[[ Data, beginning ]]

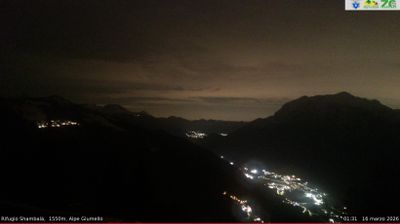 immagine della webcam nei dintorni di Sant'Abbondio: webcam Alpe Giumello
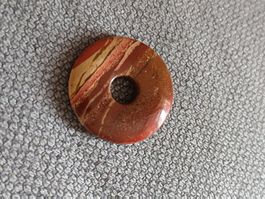 Schöner kleiner Stein Anhänger rund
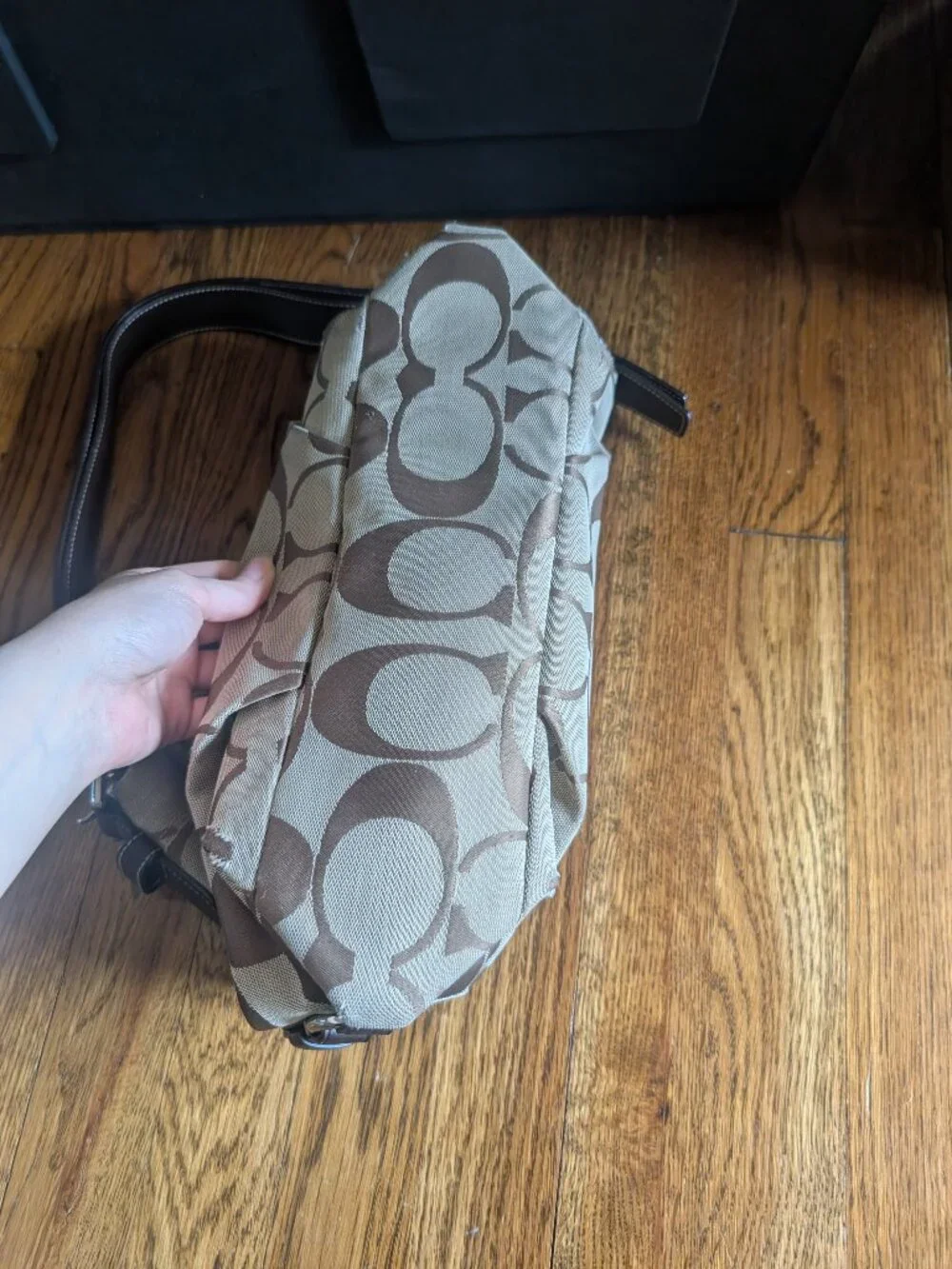 Coach Signature Duffle Bag Tan and Brown Jacquard F15067 - Picture 2 of 9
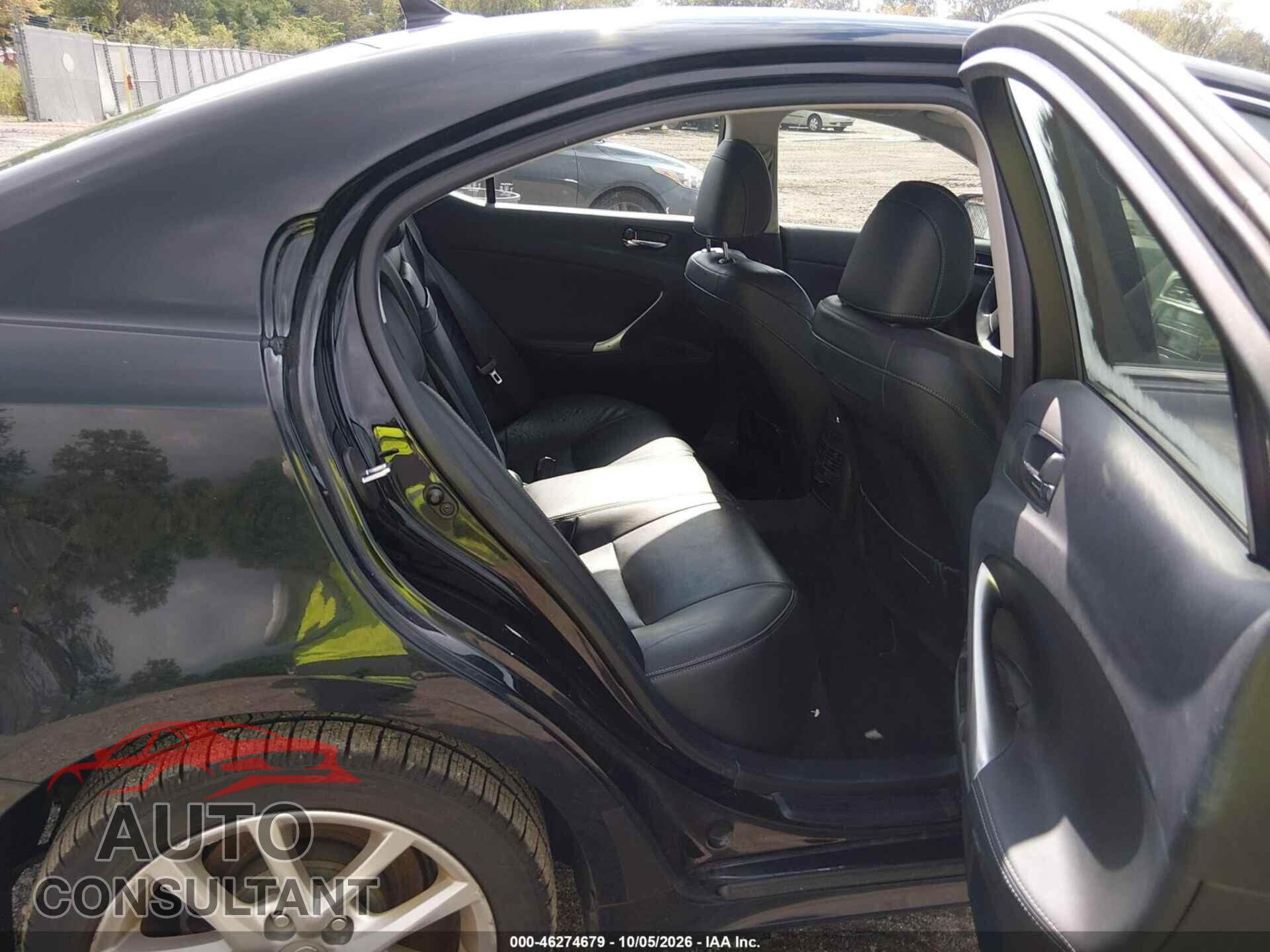 LEXUS IS 250 2011 - JTHCF5C20B5051816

[[ Data, end ]]

- _Directions_
Please copy out each line above exactly as written, but not the pictures.

- _Result below_
 immagine della webcam nei dintorni di Sant'Abbondio: webcam Alpe Giumello
 Schöner kleiner Stein Anhänger rund
 Coach Signature Duffle Bag Tan and Brown Jacquard F15067 - Picture 2 of 9
 LEXUS IS 250 2011 - JTHCF5C20B5051816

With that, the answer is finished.